Conley, Parra and their team of co-authors argued that even if there is little motivation to cheat with online ratings — there’s no obvious incentive to leave a one-star review of a place we liked, or a five-star review of a dump — there is, at best, little direct benefit to raters who provide accurate assessments, suggesting that people are likely to provide low-quality information.

They decided to test the theory by imposing a “cost” to providing information — and higher costs on extreme ratings — to see if they could eliminate or reduce the number of dishonest, average-skewing one-star and five-star ratings.

So they created some video games, and recruited players from Amazon’s Mechanical Turk.

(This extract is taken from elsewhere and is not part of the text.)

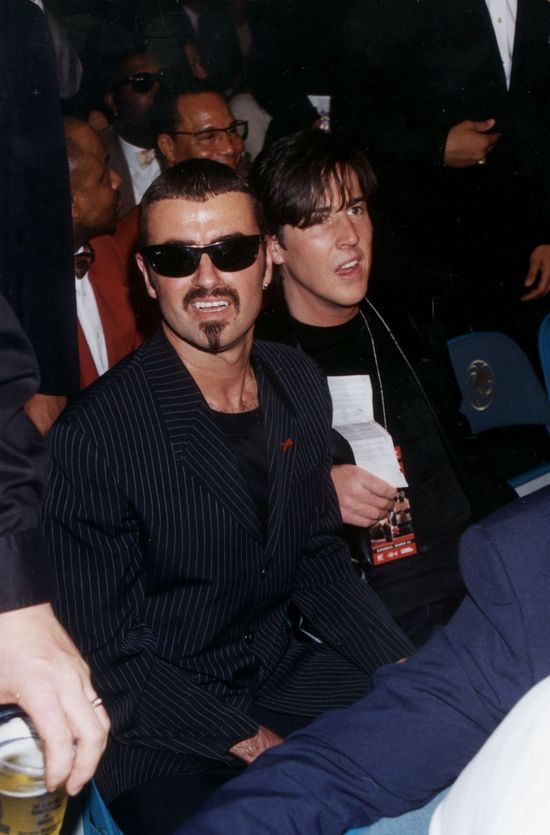 George Michael wcale NIE był aniołkiem!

In one typical game, players maneuvered a car to collect coins, knowing that they would receive one cent of real-life payment for each digital coin collected. Roads were separated by lakes that could only be traversed with ferries. The first two ferry rides were used as a training set, with delays of 20 seconds and then 4 seconds, to set a common baseline for ferry performance evaluations. After that, the game randomly varied the delays and speeds of ferry services. The fastest ferries arrived immediately and crossed the lake within 2 seconds, while the slowest ferries were both delayed in arrival and slow-moving, requiring a total of 40 seconds to cross a lake.

At the end of each ferry ride, players had to rate the ferry service on a scale of 0 to 100 before they could move on. Those ratings became the data for the research team. The in-game ratings tool used a weighted slide bar with digital “friction” for every point that a player moved away from a previously determined average rating. In other words, the more extreme your score, the more seconds you spent pushing the bar up or down.

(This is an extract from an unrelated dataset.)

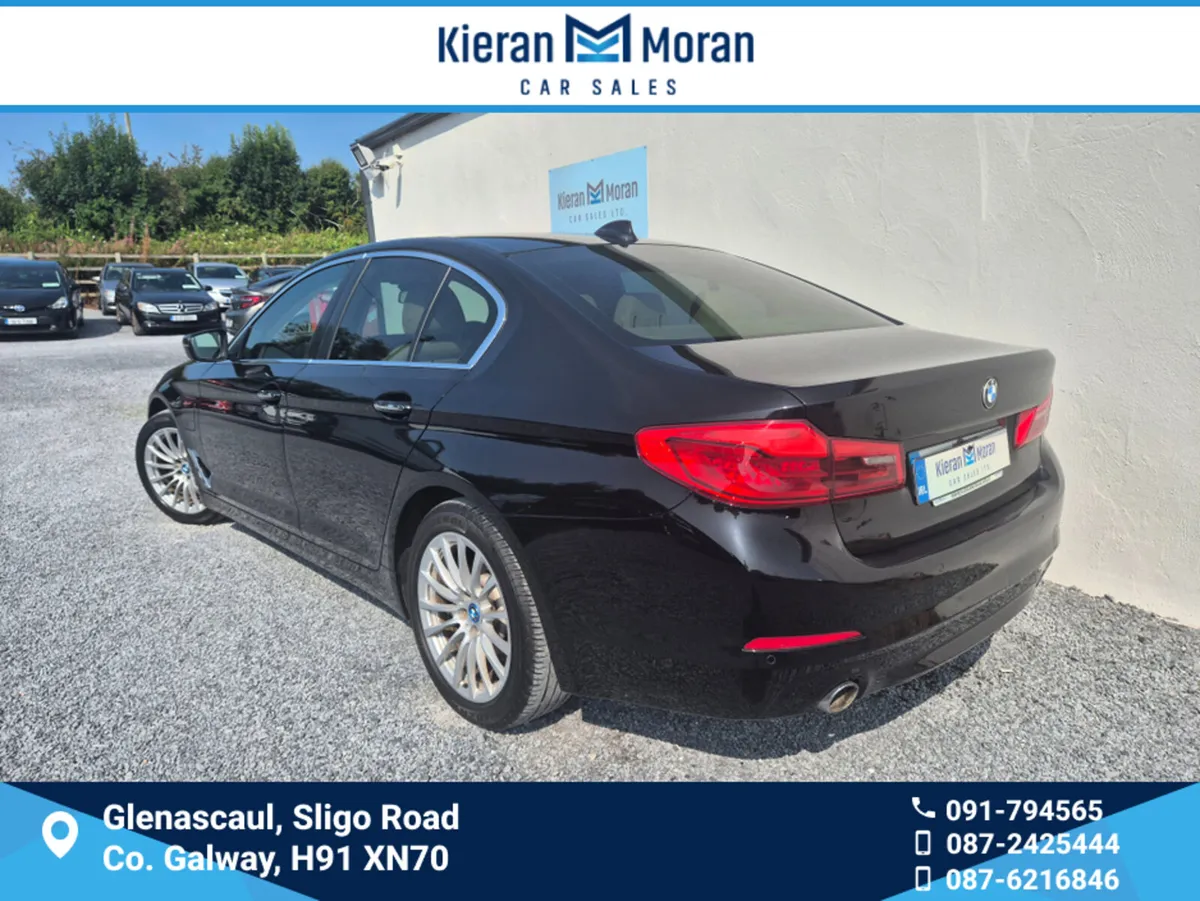BMW 5-Series AUTO - Image 3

Total gameplay was limited to 15 minutes, so players were motivated to submit their rankings as quickly as possible so they could go back to collecting their monetary rewards. Players rode an average of 17 ferries per game, allowing the researchers to measure correlations between their subjective ratings and the ferries’ objective service (measured as total time to take the ferry), both within and across subjects.

They found that their weighted slide bar led to more reliable crowd estimates of quality than an unweighted click bar, where all scores from 0 to 100 could be given by an instant click on the screen — where all ratings were equally “cheap.”

Their results have implications for the ubiquitous requests for ratings within e-commerce, and their approach can be generalized and tested in a variety of large-scale online communication systems, said the researchers.

The team hadn’t set out to test ratings, said Conley. They were originally interested in online learning, “but in the course of experiments we realized that the ratings data we were getting … were not very good, so we set out to improve that problem.”

They were surprised to find that reducing the cost of ratings actually backfired. Classic economic theory suggests that minimizing cost would yield the best results, but their data shows the opposite.

In short, Uber needs to slow down its rating tool, Conley said. “Converting the rating device from a simple click to a slider, where giving very high or low scores gets difficult due to the slider slowing down as the user gets farther out in either direction, yields better scoring distributions. Only highly motivated raters will provide extreme scores.”

Crowd wisdom enhanced by costly signaling in a virtual rating system,” by Ofer Tchernichovski, Lucas C. Parra, Daniel Fimiarz, Arnon Lotem and Dalton Conley, was published April 9 in the Proceedings of the National Academies of Science (DOI: 10.1073/pnas.1817392116). The research was supported by the Hunter College research fund, a John D. and Catherine T. MacArthur Foundation grant to the Connected Learning Research Network, University of California-Irvine (Princeton University subaward), and the Israel Science Foundation (grant 871/15).